If you don't already have railcards, do you know about the '_Two Together_' card? Two adults travelling together get 1/3 off many tickets. It normally costs £30 for a year but there is a special offer on until 18th July (2016), HERE for £24.

If your range is 30-40 miles then I think the major Dales hills could be a bit much for you - they really are severe. Having said that, there are lots on interesting routes with smaller hills. (I'm still talking hills perhaps hundreds of feet high and potentially quite steep, but maybe not super-steep with over 1,000 ft of ascent!)

I'll get back to you with some ride suggestions. Shorter ones you could do together, and maybe a longer one for your husband. Mind you, he could just pinch a big chunk of our ride from last weekend.

There is a lot of fantastic walking in that area, so I hope you will be packing walking boots? Oh, and decent waterproofs - it can rain a lot!


----------



## kapelmuur (7 Jul 2016)

The Scots have a great word for it, 'dreich', that describes this grey, dull, drizzly morning.

My first thought was to have a session on the turbo, but that doesn't count for the challenge! Also, as I have Flandrian blood in my veins, I didn't want to appear a complete wimp. So I dug out my Gabba jacket from winter storage and set off intending just to do 10 miles or so. By the time I'd got to 10 miles it was raining heavily, but I was warm and the Gabba was doing its job, so I decided to press on for a point. 
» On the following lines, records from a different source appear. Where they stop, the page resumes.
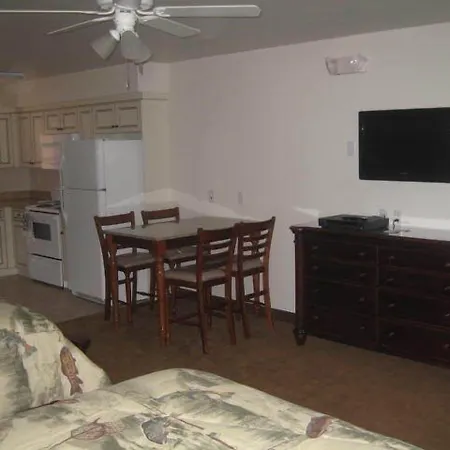 Shore Stay Suites-3
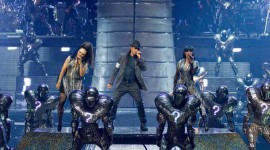 The 10 Highest-Grossing Concert Tours Of The Year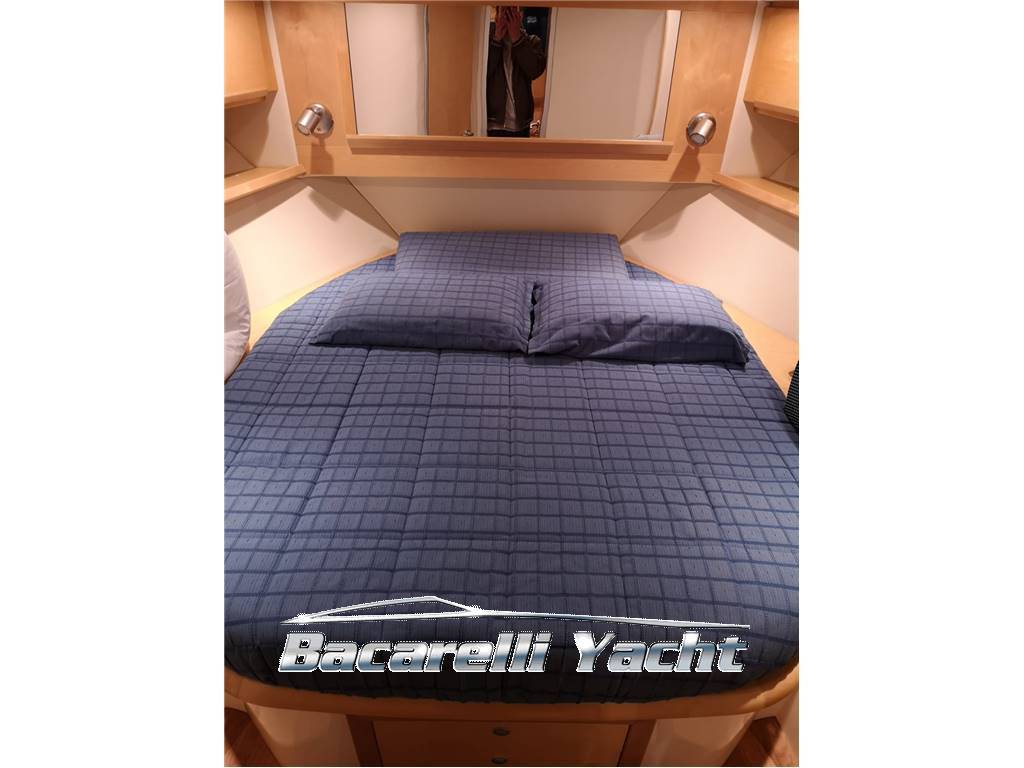 Fiart mare 38 genius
The result was a not very enjoyable 50km at one of the slowest average speeds I've recorded. Anway, I expect to be flying by the time summer arrives!


----------



## Sbudge (8 Jul 2016)

kapelmuur said:


> The Scots have a great word for it, 'dreich', that describes this grey, dull, drizzly morning.
> 
> My first thought was to have a session on the turbo, but that doesn't count for the challenge! Also, as I have Flandrian blood in my veins, I didn't want to appear a complete wimp. So I dug out my Gabba jacket from winter storage and set off intending just to do 10 miles or so. By the time I'd got to 10 miles it was raining heavily, but I was warm and the Gabba was doing its job, so I decided to press on for a point.
> 
> The result was a not very enjoyable 50km at one of the slowest average speeds I've recorded. Anway, I expect to be flying by the time summer arrives!
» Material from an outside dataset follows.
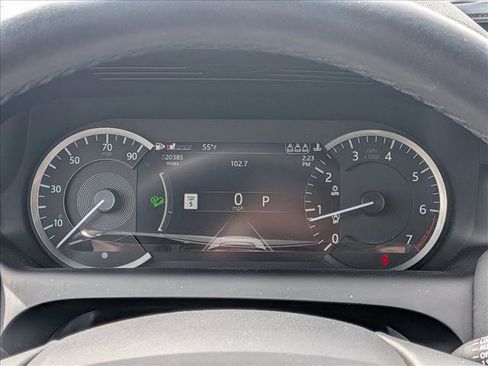 Used 2023 Land Rover Discovery Sport S image 11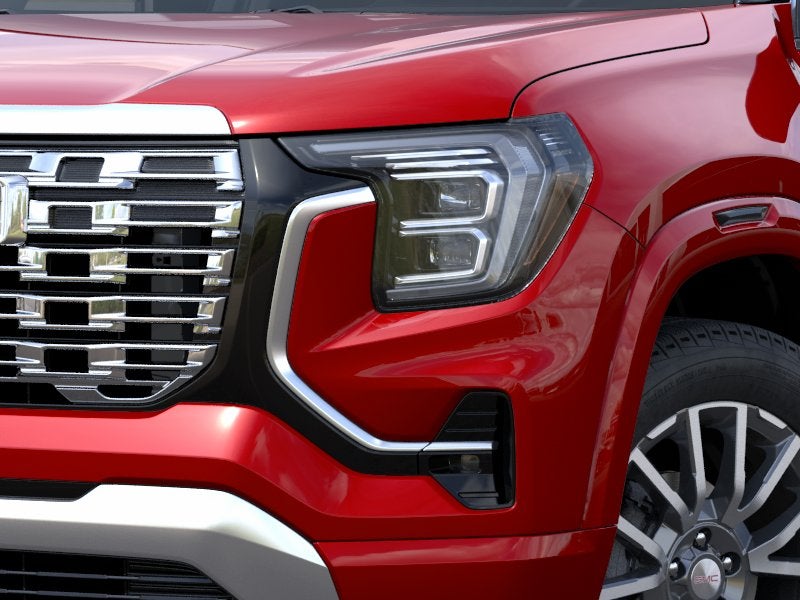 2026 GMC Terrain Denali - Photo 12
Sounds like a very well earned point!


----------



## 13 rider (8 Jul 2016)

July's 50 km in the bag away for the last 2 weeks of July and busy this weekend so managed to get a evening 50 km after work tonight


----------



## NorthernDave (9 Jul 2016)

Set out early this morning trying to beat the weather forecast and with a mind to push past the imperial half and go for a metric century instead.
Let's just say that the first 30 miles or so went well and then it went a bit pear shaped...

Anyway, the good news is that I did get an imperial half century in, so at least I've kept the run of a metric and an imperial half each month going.
Report in the usual place, if schadenfreude is your thing...
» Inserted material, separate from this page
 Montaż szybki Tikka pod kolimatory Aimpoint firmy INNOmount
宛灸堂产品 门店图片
My main concern is that i seem to be struggling with longer rides - I'm absolutely cream crackered again and I can't think why. I was doing 55-65 mile rides with no real problems, but it seems very hard work all of a sudden.
I've signed up for an 81-mile sportive in around 6 weeks and I'm starting to thing it might be a bad idea.


----------



## Sbudge (11 Jul 2016)

NorthernDave said:


> Set out early this morning trying to beat the weather forecast and with a mind to push past the imperial half and go for a metric century instead.
> Let's just say that the first 30 miles or so went well and then it went a bit pear shaped...
> 
> Anyway, the good news is that I did get an imperial half century in, so at least I've kept the run of a metric and an imperial half each month going.
> ...



Have you tried experimenting with diet/hydration? It may be that your needs have changed. I was told recently by someone I respect that as we get older, for example, we can no longer rely on just 'feeling thirsty' on choosing when to take a drink but rather have to keep topped up whether we feel it or not. Just a thought.


----------



## NorthernDave (12 Jul 2016)

Sbudge said:


> Have you tried experimenting with diet/hydration? It may be that your needs have changed. I was told recently by someone I respect that as we get older, for example, we can no longer rely on just 'feeling thirsty' on choosing when to take a drink but rather have to keep topped up whether we feel it or not. Just a thought.



Thanks, I'll give that a look. I normally take 2x 800ml bottles with me by don't normally finish both of them - maybe I need to.


----------



## ColinJ (13 Jul 2016)

Tuesday's 50 km ride felt pretty lumpy so I checked my GPS and mapping software ... 1,050 m of climbing! The Garmin Edge 500 GPS gives a figure about 80% of what my Memory Map software does. MM seems to calculate every tiny undulation in every road rather than what cyclists actually perceive as climbs, so I normally work on about 80% of the figure that MM comes up with. I will feel fairly happy trusting the figure that the 500 calculates in future.


----------



## 13 rider (15 Jul 2016)

Managed to find time this morning to get a 50 miler in so managed both 50km and 50mile ride for 19 months in a row 
Off now on my holidays I becoming a grockle in the land of @Saluki in other words I am going on holiday in Cornwall 
Will have pretty limited internet so no month end updates will check the challenge on my return 
22 riders have already posted July rides. Let's get the rides in


----------



## Saluki (15 Jul 2016)

13 rider said:


> Managed to find time this morning to get a 50 miler in so managed both 50km and 50mile ride for 19 months in a row
> Off now on my holidays I becoming a grockle in the land of @Saluki in other words I am going on holiday in Cornwall
> Will have pretty limited internet so no month end updates will check the challenge on my return
> 22 riders have already posted July rides. Let's get the rides in


We don't have Broadband here. Quite frankly, in the smaller towns, we are lucky to just have Band.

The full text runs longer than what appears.